The line with "Xiangyun incense burner, hollow" marks the start; please set it down along with all later lines through the end of the material, exactly, leaving out pictures.

> _Provided data_:
*****
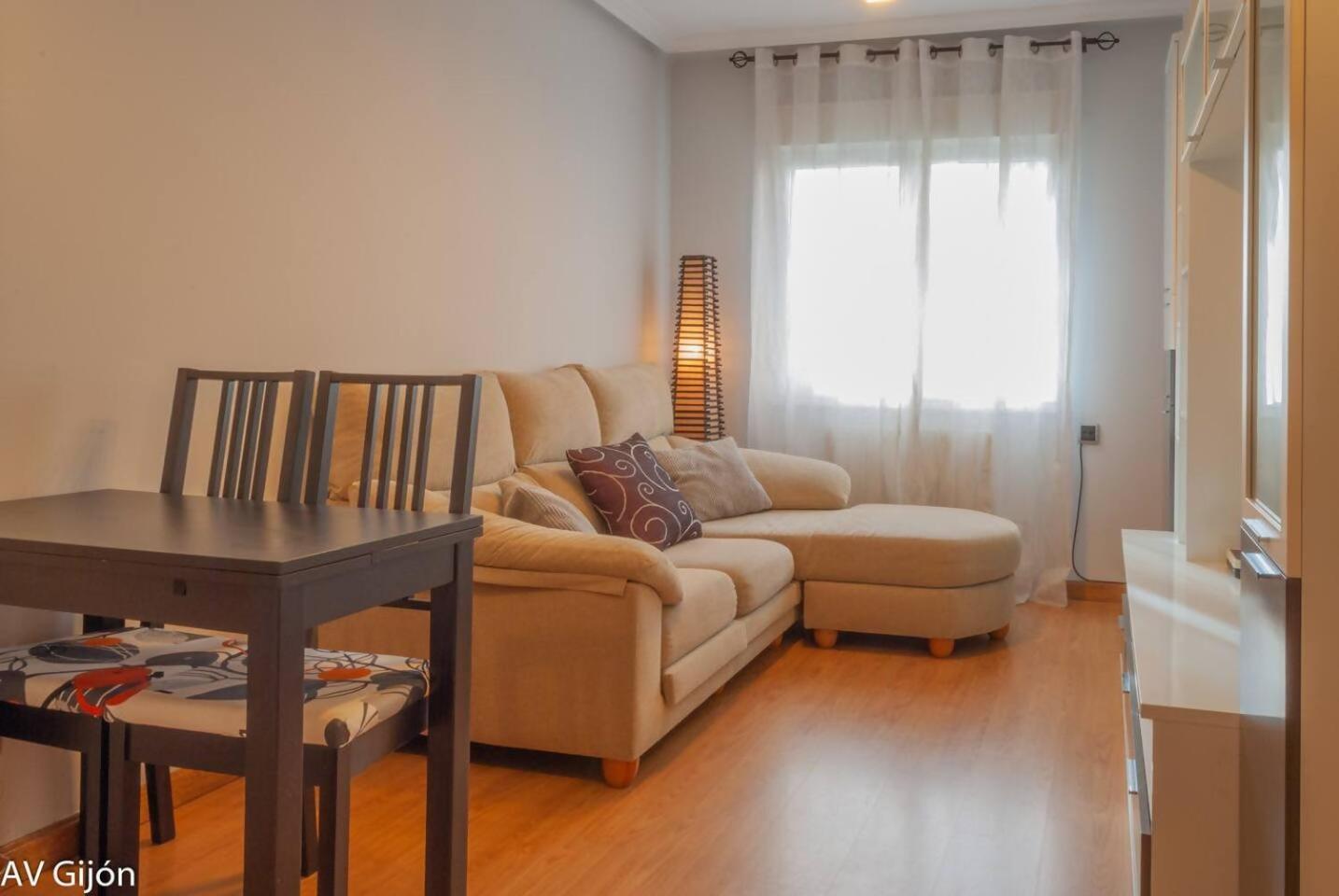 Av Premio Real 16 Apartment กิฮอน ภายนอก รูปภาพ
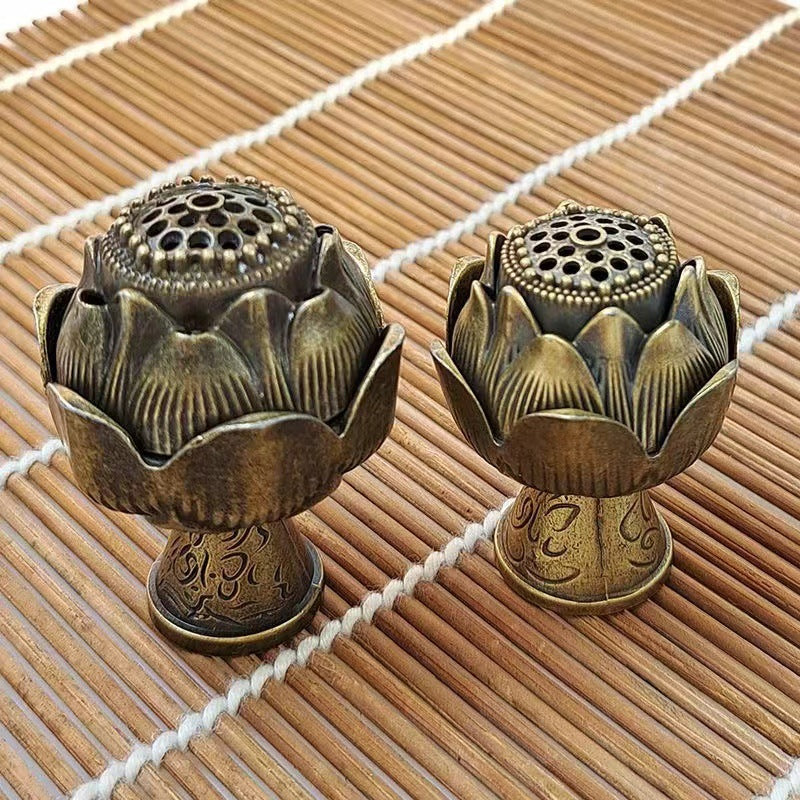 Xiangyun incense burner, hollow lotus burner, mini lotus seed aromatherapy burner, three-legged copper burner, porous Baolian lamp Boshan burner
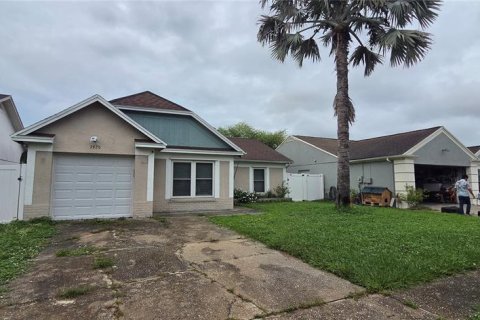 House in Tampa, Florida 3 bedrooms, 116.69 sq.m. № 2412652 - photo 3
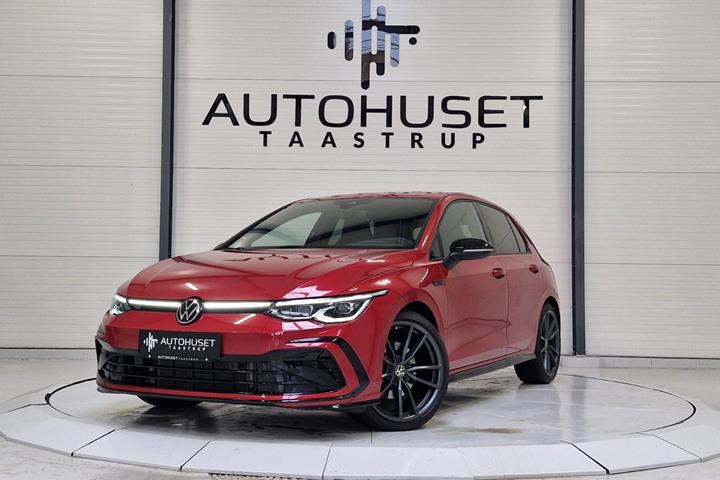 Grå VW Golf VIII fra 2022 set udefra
*****
> _Solved problem_:
 Xiangyun incense burner, hollow lotus burner, mini lotus seed aromatherapy burner, three-legged copper burner, porous Baolian lamp Boshan burner
 House in Tampa, Florida 3 bedrooms, 116.69 sq.m. № 2412652 - photo 3
 Grå VW Golf VIII fra 2022 set udefra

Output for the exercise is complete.